Release date: July 27, 2018 | Translation Loss Records | Spotify | Bandcamp | Facebook

Electronic music, in this day and age, is as broad a term as any. It covers a near-infinite range of tempos, emotions and ideals. Given the vastness of what keyboards and programming can produce, I’d say it’s fair to deduce that we all like and dislike electronic music in equal measures, depending on what avenue it takes us down. In this case, it’s an especially dark avenue, with foreboding 30 year old musings scratched on the walls, and speckled with the occasional suspicious tint of red.

Welcome to the whole-heatedly scary world of Statiqbloom, whose brand new EP draws deep from the depths of dark late 80s synth, and pulls out an entanglement of hellacious industrial grit with it. By that, I mean it sounds really like a Skinny Puppy album. To a guy like me, that is excellent news.

And that really is it in a nutshell. You are either really going to love this record, or you are going sneer in disapproval and steer well clear. I stand firmly in the former, because I have a soft spot for brooding synth at the best of times, especially when this much cliche-free menace is applied. In my opinion, someone has do it. Someone has to herald the resurgence of the pounding down-beat percussive horror-movie industrial that bands like Skinny Puppy, Frontline Assembly and their many other peers honed so diligently before Trent Reznor respectfully took the ball and, to his credit, added some commercial zest.

And so, after the effectively unsettling “Intro”, Statiqbloom‘s mission statement gets underway with “Thin Hidden Hand”, the kind of song Depeche Mode might have written if they were a gang of vampires. And from there on in, you’ll pretty much get the gist. “Survival II” renders this feeling ongoing, making clear that there is no incentive to deviate from the post-industrial gospel. Those harshly spoken lyrics, equally inspired by the rasps of Nivek Ogre, are another element worth noting. They make a loyal contribution to the nightmarish setting that is admirable whichever way you regard them, if nothing else for the varied pitch and tone across each song.
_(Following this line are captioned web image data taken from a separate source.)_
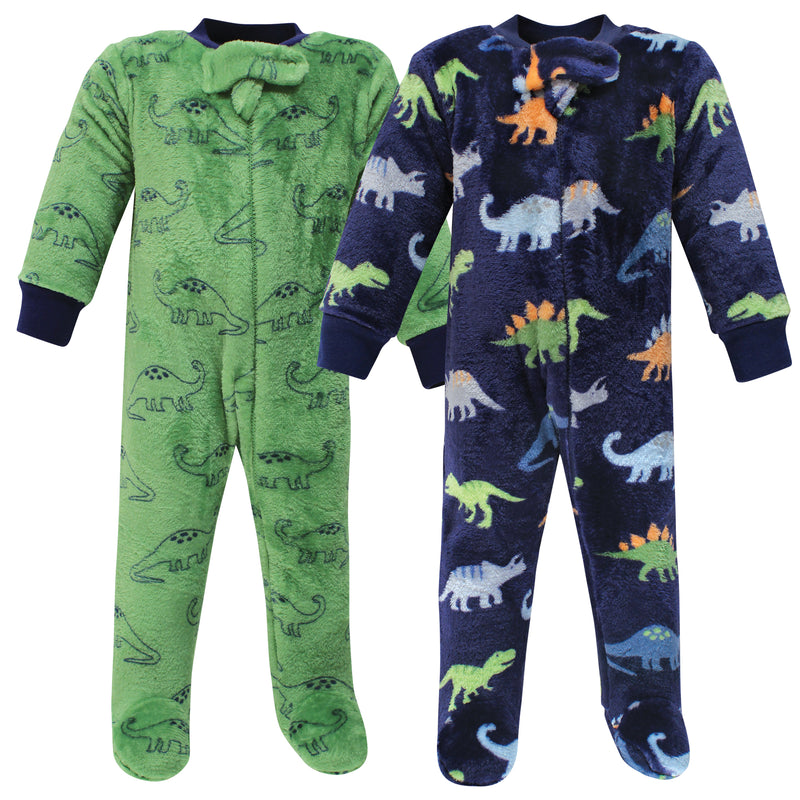 Hudson Baby Plush Sleep and Play, Dinosaurs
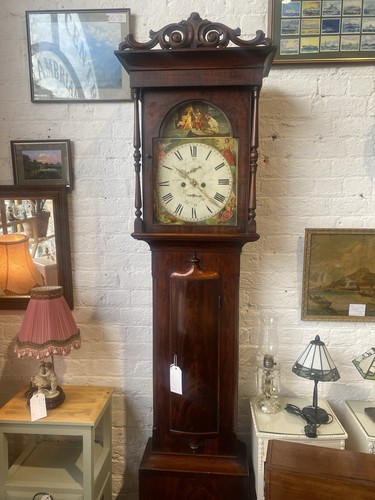 Scottish grandfather clock - grandfather, r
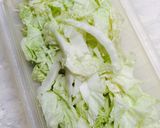 里芋と白菜のもちもちサラダ☆作り方2写真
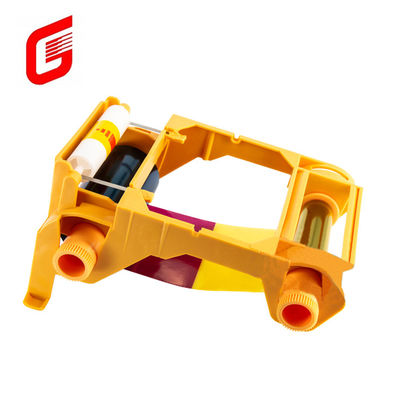 Zebra ZXP Serie 3 Stampanti di carte YMCKO Nastro a colori 800033-840CN Larghezza 9 mm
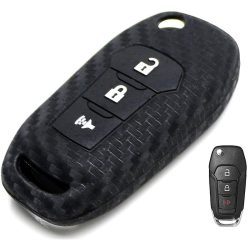FORD Escort Focus Mondeo Ranger Ka Bicskakulcs szilikon tok 3gombos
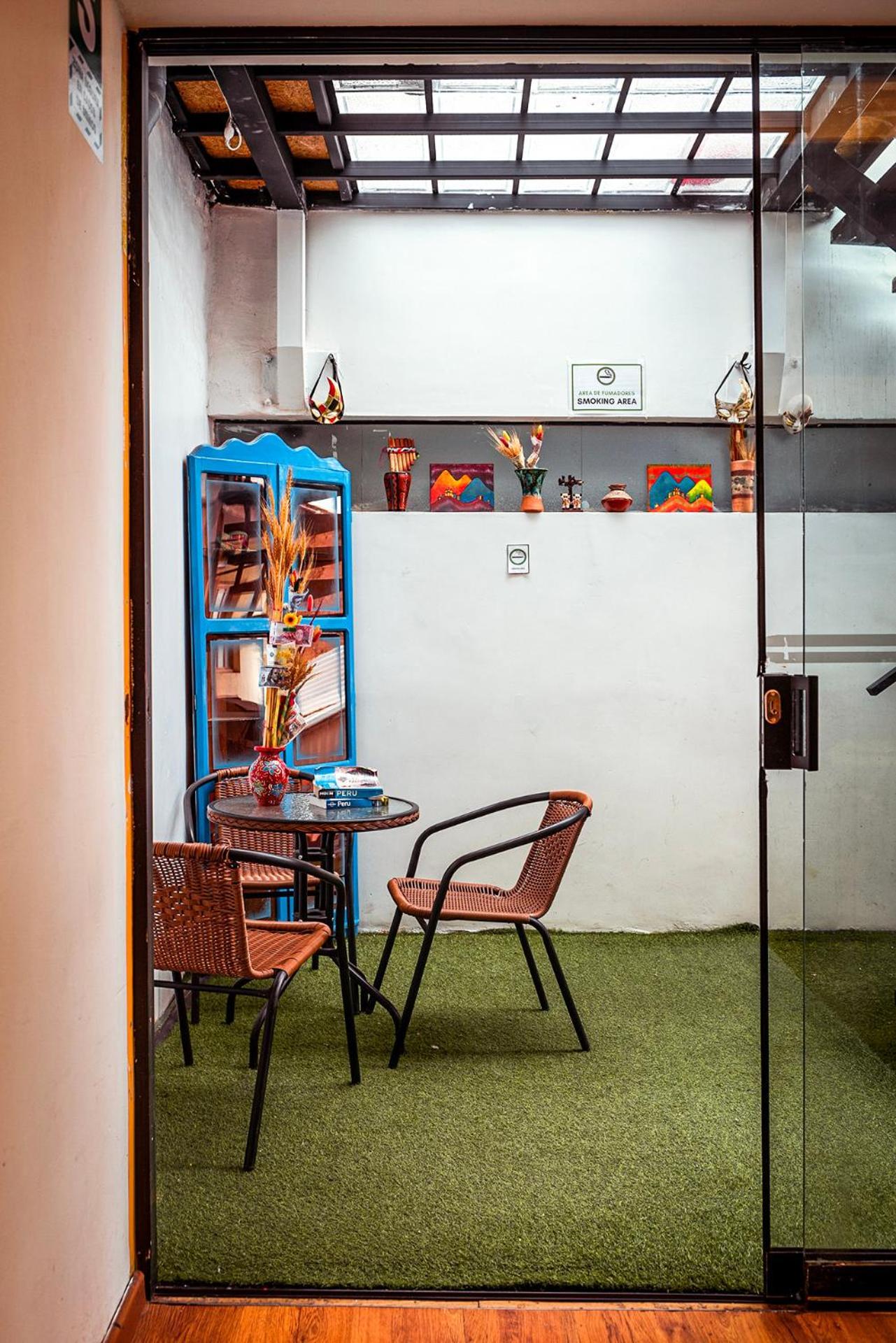 Net House Cusco住宿加早餐旅馆 外观 照片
And everything we hear in the first half of the EP is magnified in “Vampire”, with a drum track so bassy it will rattle your eyeballs. From my perspective, the fact that the EP consistently maintains that same groovy tempo makes it that much more refreshing. The last onslaught comes in the form of “Ersatz Gaze”, with some more clearly articulated lyrics that make the song a little more of an anthem piece.

Infinite Spectre is a swift hellish pelt which is so loyal to the post-industrial music of yesteryear that you may have a hard time believing it was made this side of the millennium. But for an outfit to create something so pure in its nature is a feat not to be underestimated. Believe it or not, there are people out there who crave that fix of pounding synth from the underworld and Statiqbloom are clearly extremely proud to fly that, albeit obscure, flag. For that they have my sincere gratitude. They also have a back catalog of at least two earlier albums, so it’s time for me and others who haven’t had the pleasure to do some digging.